Thursday, July 29, 2010
URBAN DISCOURSE P.III: PRISONERS OF CONSCIENCE
"Prisoner of conscience (POC) is a term coined by the human rights group Amnesty International in the early 1960s. It can refer to anyone imprisoned because of their race, religion, color...so long as they have not used or advocated violence.
It also refers to those who have been imprisoned and/or persecuted for the non-violent expression of their conscientiously-held beliefs."
American inner city Crime, politics and the prison industrial complex. This term “Prisoner of conscience” although coined under specific definition, I believe is relative to all in many ways. This term initially applies to many human rights collectives. One example is the plight and movement of pan-african socialists;(ie:artists Dead Prez, Black Panthers, people’s army) and black nationalist groups. The illustration of the political prisoner: M.L.K Jr, Huey Newton, Leonard Peltzer, those who demonstrated violent or non-violent resistance for social change. These examples and figures are known on a grand scale; but this term holds relation to all, especially in American inner cities.

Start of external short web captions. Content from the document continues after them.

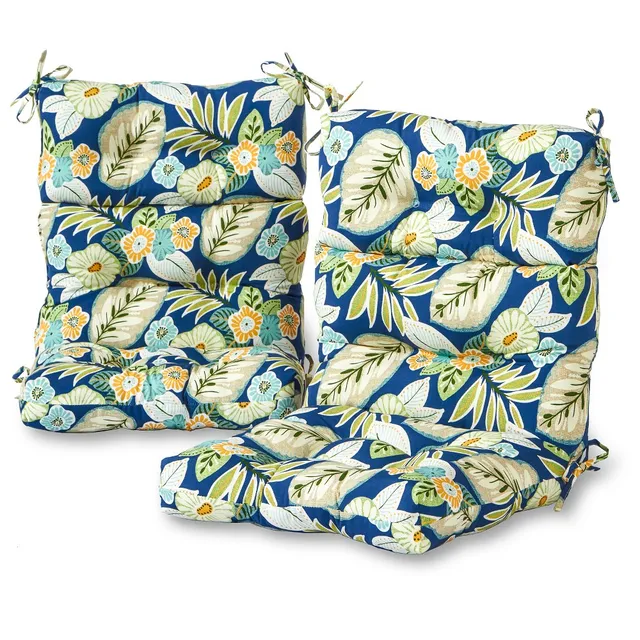 Kensington Garden 2pc 24x22 Solid Outdoor Seat And Back Chair Cushion Set  Teal : Target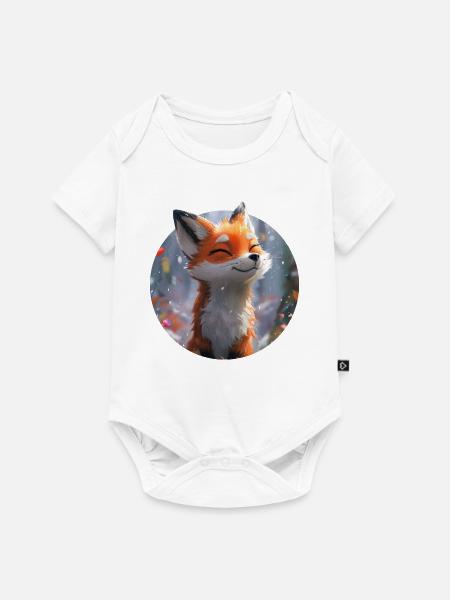 Niedlicher Fuchs - Baby Premium Kurzarmbody - Weiß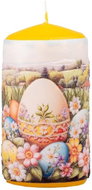 Z - TRADE Válec 60 × 110 mm Kraslice na louce, žlutá - Candle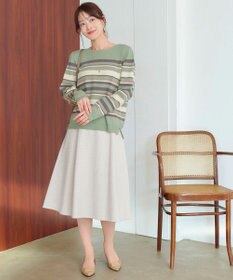 Tiaclasse マルチボーダーニットトップス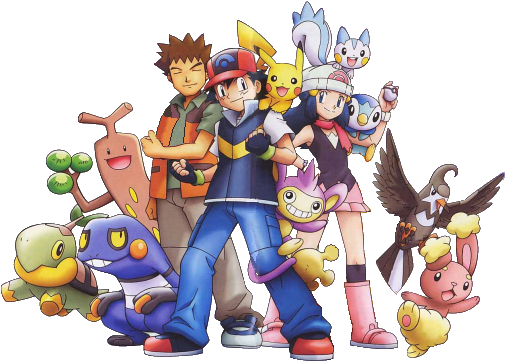 Originally, Yoda Conditions Might Have Been Introduced - Ash's Pokemon Diamond And Pearl (511x371), Png Download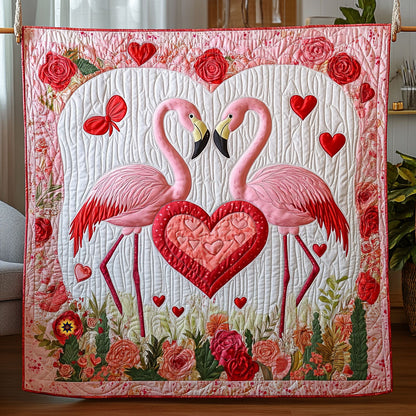 Love Flamingo WJ1312017CL Quilt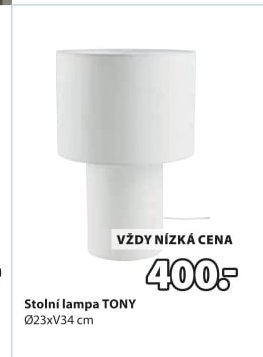 Stolní lampa TONY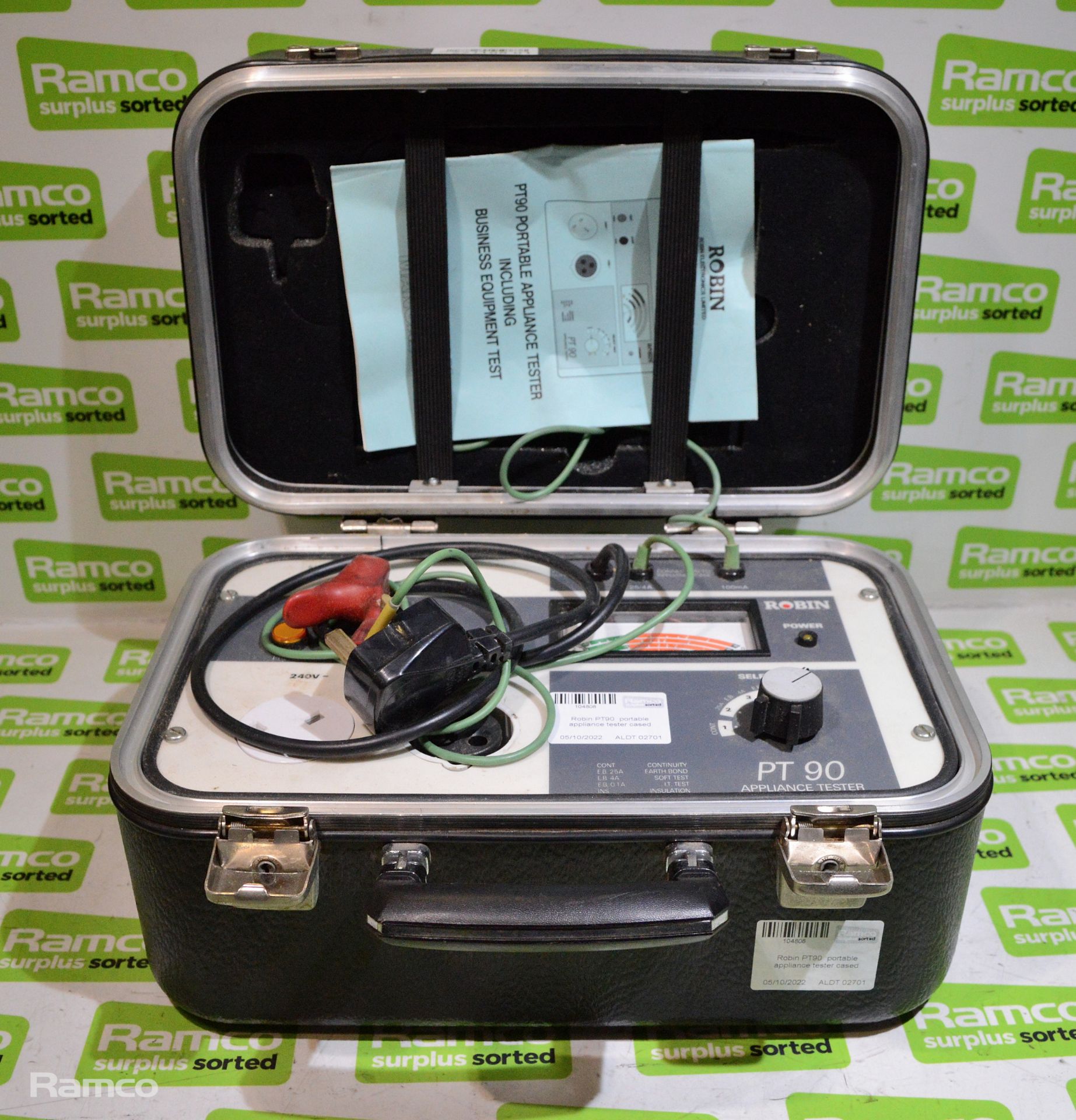 Robin PT90 portable appliance tester cased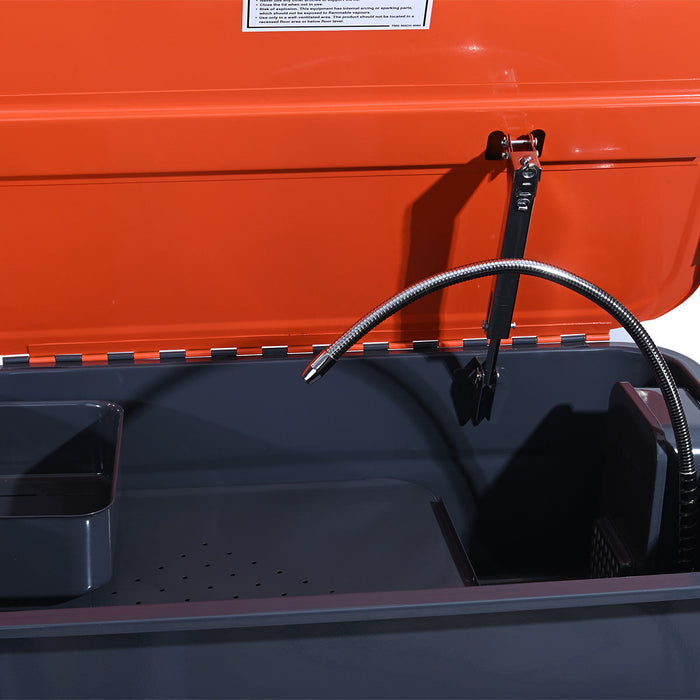 TMG Industrial 20 Gallon Parts Washer, 5’ Power Cord, 120V Pump, 4 GPM Flow, TMG-APW20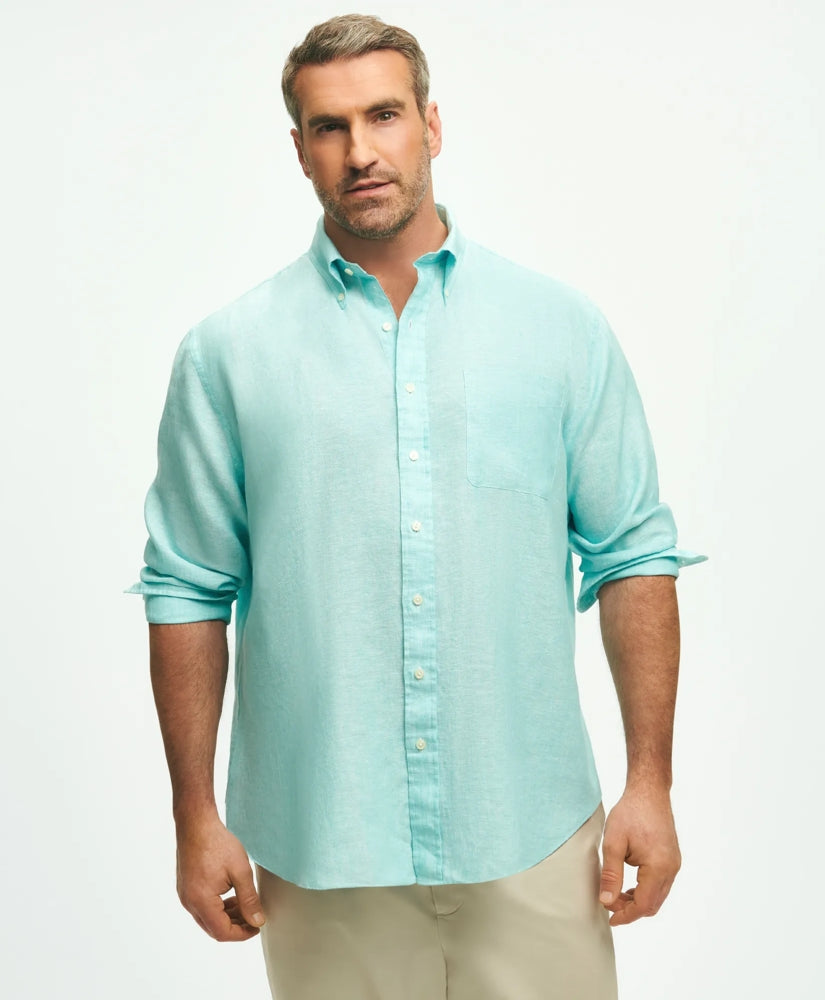 Shirts Big & Tall Sport Shirt, Irish Linen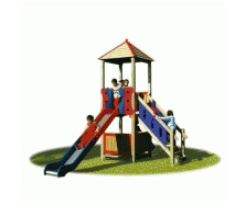 Structure de jeux pour enfants - Tourelle Panama - Bois lamellaire traité - Norme EN 1176 TÜV_0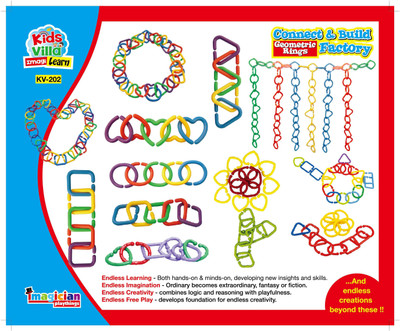 

Kids Villa Imagi Learn Connect & Build - Geometric Ring(Multicolor)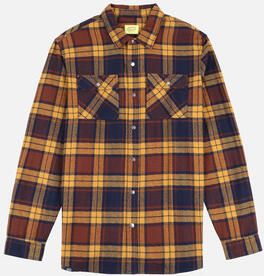 Oxbow Overhemd Lange Mouw Shirt met lange mouwen en grote geweven ruiten CREEK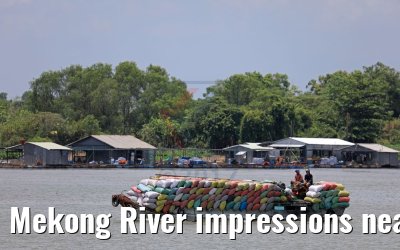 Mekong River impressions near Cai Be, Vietnam 09.04.2017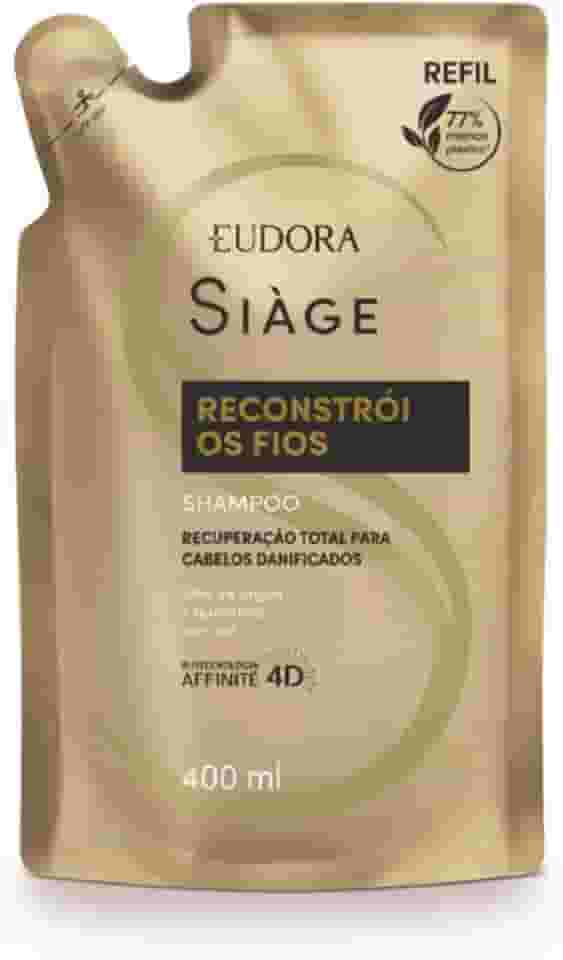 EUDORA SIAGE SHAMPOO RECONSTROI OS FIOS 400ML REFIL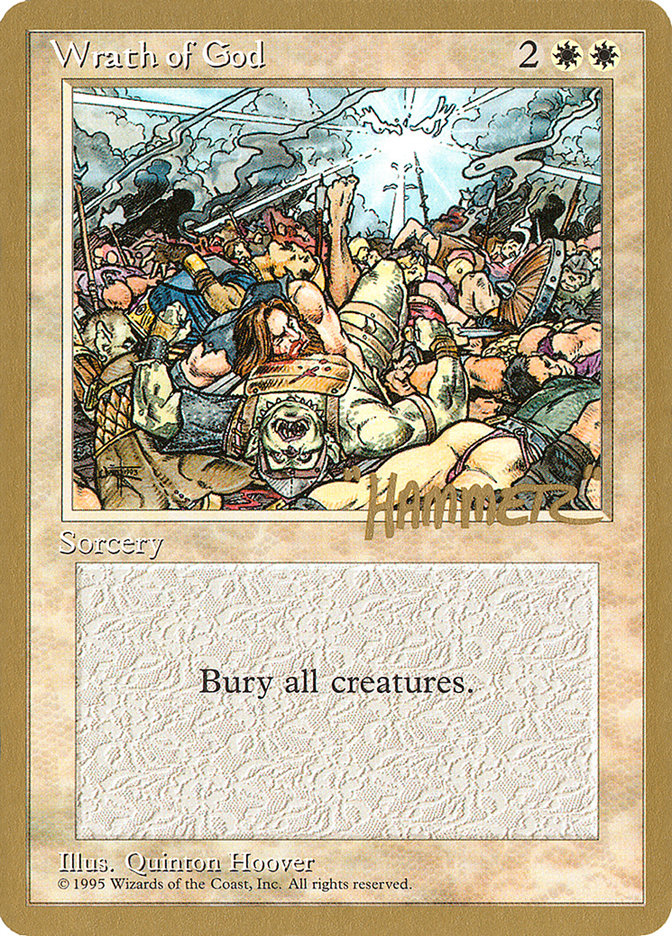 Wrath of God (Shawn "Hammer" Regnier) [Pro Tour Collector Set] | Odin's Place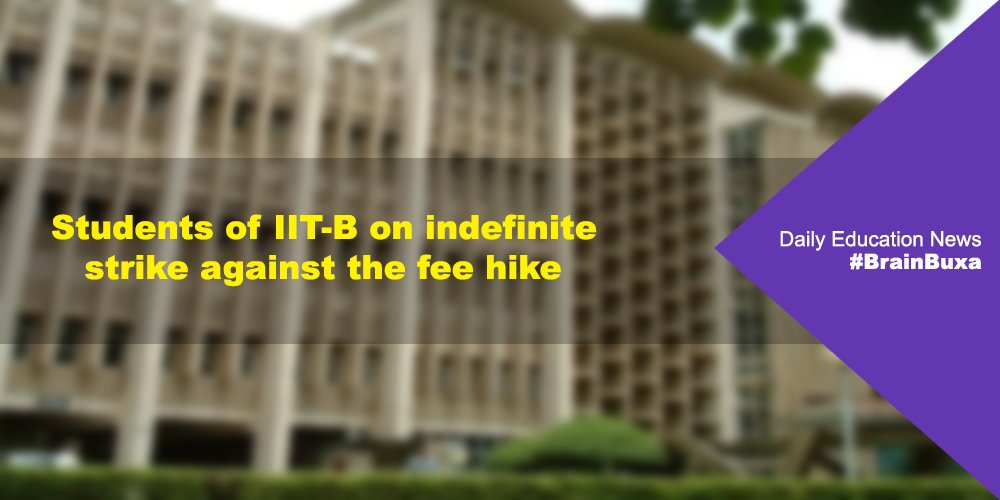 Students of IIT-B on indefinite strike against the fee hike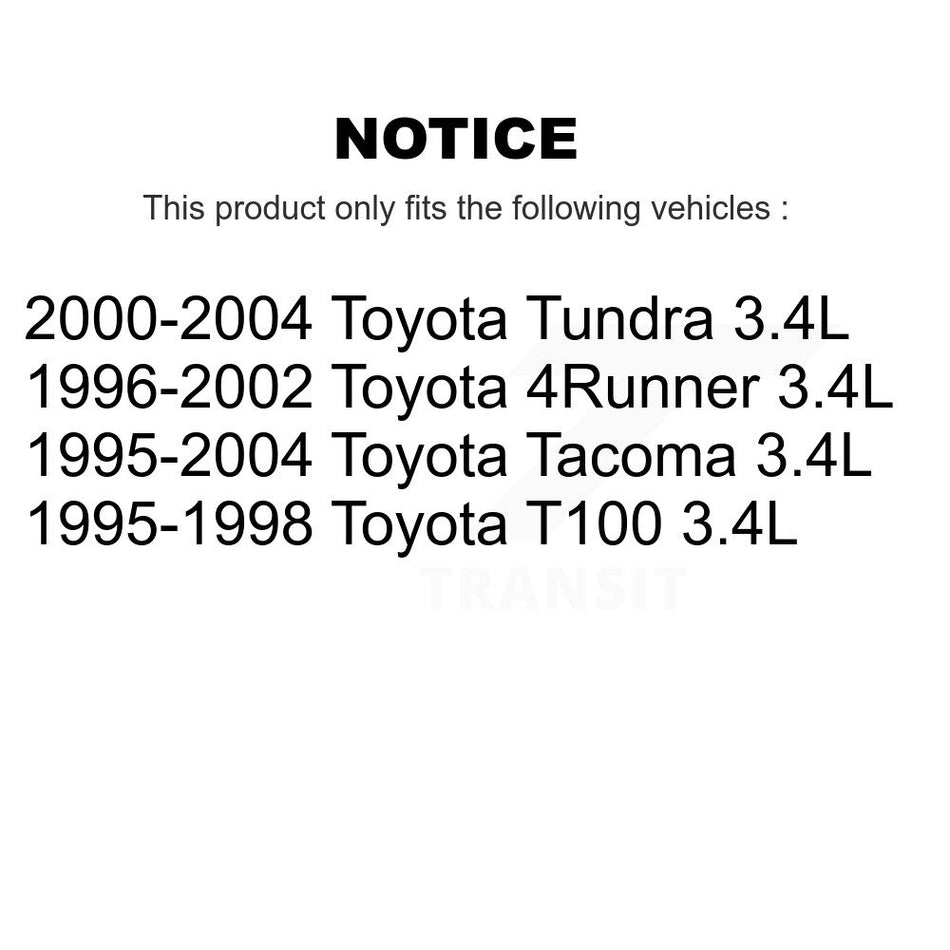 Engine Crankshaft Position Sensor SEN-2CRK0302 For Toyota 4Runner Tacoma Tundra T100 3.4L
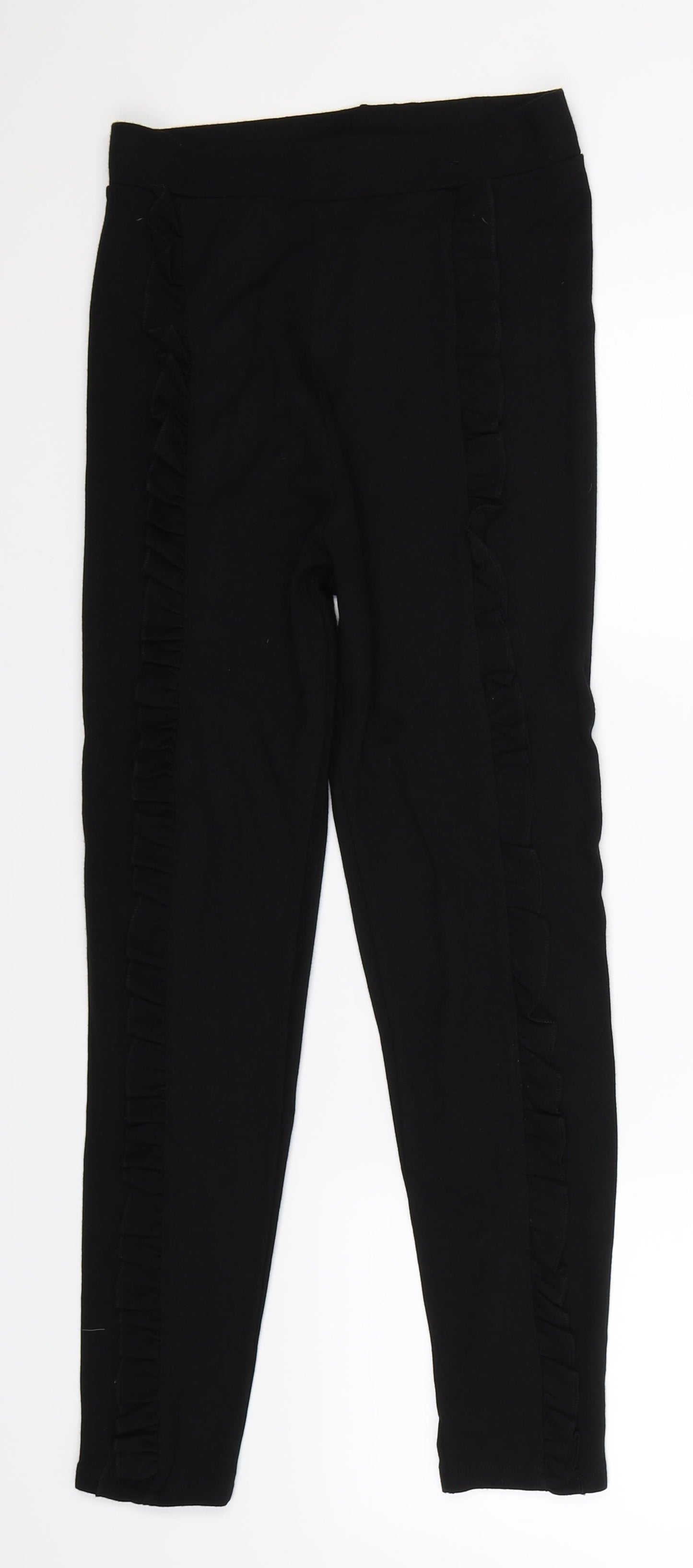 River Island Womens Black   Cropped Leggings Size 10 L25 in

In the inner city the criminal justice system deals with repeat felons to convicts; many times due to social conditioning, of class and race. From a bird’s eye view theory where you have a region that suffers poverty, it also suffers from under development, and is condusive to an environment of crime, an influx of narcotics and social unrest, and this becomes the culture of the community, generationally. Where the babies of yester-year easily replace those who ran the list of criminal function before. The prisoner of conscience is not only the socially conscious activist; he/she is the racially profiled individual arrested and charged with resisting arrest. He/she is the individual fighting a pending case of homicide in the event of self-defense. He/she is the individual charged with a crime they didn’t commit. All relative to conscientious decision. This essay is written in light that the prison industrial complex as stated, is not only an institution for offenders and potentially dangerous to society, but an industry..with people as the product and commodity; the prison industrial complex, is a business. An undertone of human capitalism. This fact is something to be conscious of in this modern day..of all nationalties in the urban plight, more exeptionally people of color, because systematic racism still exists. Even more with the exploitation of pop-culture; from remnants of the the upper middle class, middle to the lower. Prisoners of conscience is not a conspiracy theory, it is a reality in urban america and abroad. Peace.